RUSH: Now back to the audio sound bites. This morning on PMSNBC, David Axelrod called into the show. This is about the White House at war, not just with Howard Dean, but with the kook-fringe base. And this does worry 'em. Dean doesn't, but the kook-fringe base worries them a little bit because they know that individual members in the House and Senate listen to the kook-fringe base, they go to kook-fringe base conventions. So Mika Brzezinski says, "I'd like you to characterize, if you could, the White House reaction to Howard Dean's criticism, which has been extremely pointed and sharp at this plan, he says he tried, he tried to go to the White House privately and behind the scenes to talk about this, to talk about his concerns, he has no choice but to lay this all out on the public stage. To his criticism you say what?"
AXELROD: He got on the phone with Nancy-Ann DeParle, our point person on the health issue, went through point by point. She explained why he was wrong. And he simply didn't want to hear that critique. I saw his piece in the Post this morning, and it is predicated on a bunch of erroneous conclusions.
RUSH: And he was then asked, "Well, what was wrong about it?"
AXELROD: He said this legislation allows insurance companies to charge older Americans up to three times as much as younger Americans. The fact is in many states, they charge five times as much today, and this would help reduce that disparity. They believe that they can charge more because there are greater expenses associated with caring for older Americans, but this at least shrinks that ban down for many people in many states.
RUSH: Well, the dirty little secret here is that by the time Axelrod and Obama get through with them, there aren't going to be any old people being charged anything. That's a dirty little secret. Next question: "People in this country right now, the progressives, they don't believe that the White House has stood up to the insurance industry."
AXELROD: Ed, let me ask you a question. Why is the insurance industry so vigorously opposing this bill? If it's just such a gift to the insurance industry, if they don't believe that this is going to force competition and force them to adhere to some standards in terms of how they treat patients -- by the way, let me just add parenthetically we fought for years as progressives for a patient's bill of rights. Everything that was in that patient's bill of rights is now enshrined in this legislation, and yet people say, "Let's just throw it away, we don't need it anymore."

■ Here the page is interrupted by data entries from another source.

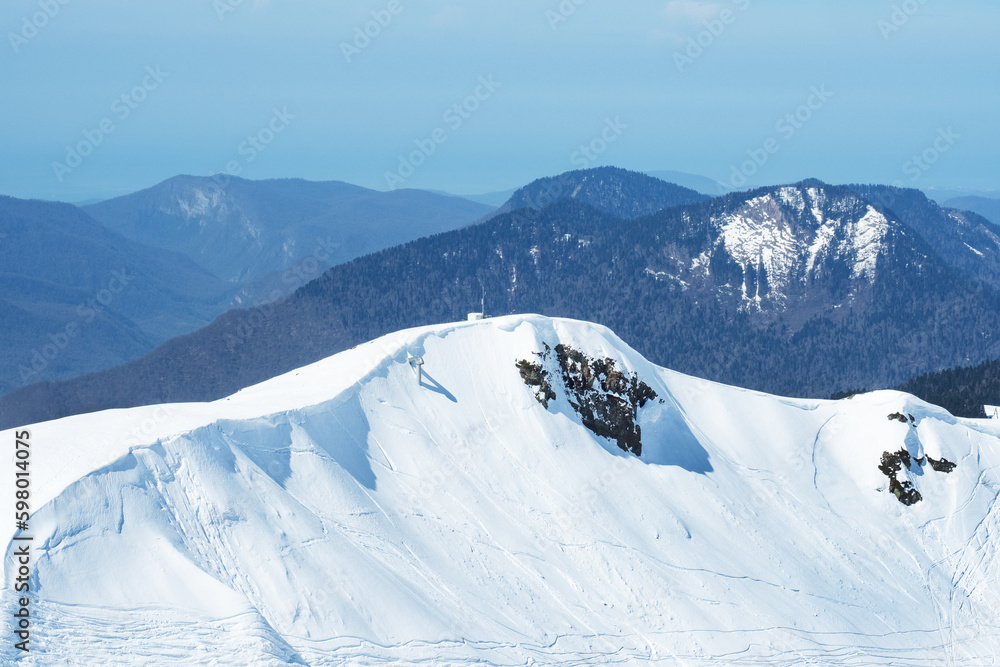 Beautiful snowy peaks of the Caucasus Mountains. Krasnaya Polyana Rosa Khutor Ski Resort, Russia.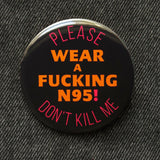A round black pinback button that reads WEAR A FUCKING N95! in red text, in the center, and top & bottom curve orange text that reads PLEASE DON'T KILL ME. 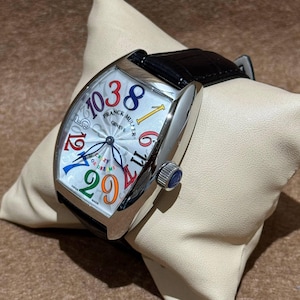 Könnte beinhalten: Eine silberfarbene Armbanduhr mit schwarzem Lederarmband. Das Zifferblatt ist weiß mit bunten, übergroßen Ziffern und der Aufschrift "FRANCK MULLER GENEVE". Die Uhr liegt auf einem beigen Kissen.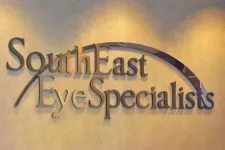 Thumbnail for SouthEast Eye Specialists sign with arched design on beige wall under soft lighting.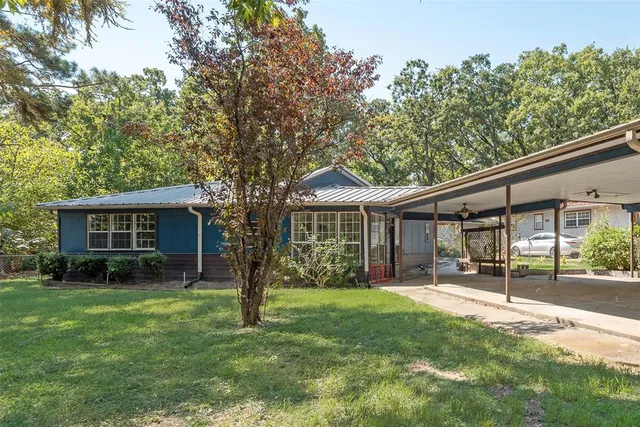 a backyard of a house with garden and outdoor seating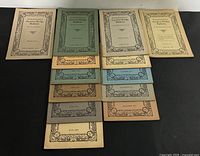 All 11 Auction Bridge Bulletins laid out showing range of cover colours and months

RUSH: Let me answer the question. Why is the insurance industry so vigorously opposing the bill? Because they know that ultimately this bill puts them out of business, Mr. Axelrod. There will be no private insurance at the end of the day once this bill gets rolling. That's what they know. It has nothing to do with wanting to overcharge customers. It has nothing to do with anything other than they're trying to keep their businesses open, which a lot of people face that challenge, Mr. Axelrod with you and Obama. Everybody's just trying to keep their business open. Some people can't find jobs and this is not going to improve any of that. So then the next question: "On top of this frustration from progressives, David, with a name that makes them all PO'd like Joe Lieberman, I mean, you're just waving the bloody flag in front of people, Keith Olbermann, all these people. Who's writing the bill? Is Lieberman writing the bill or you guys writing it?"
AXELROD: Look, no, he's certainly not writing this bill. But the notion that we would let our personal feelings about one person defeat a bill that would deliver to people who don't have insurance the opportunity to get it at a price they can afford, that would defeat a bill that has patient protections that we've fought for for decades for people who do have insurance, to defeat a bill that will bend the curve on -- on -- on this inexorable rise in health care costs is insane.
RUSH: It will not deliver insurance to people who don't have it at a cheaper cost, just the exact opposite. But he's calling his own people on the left insane, folks.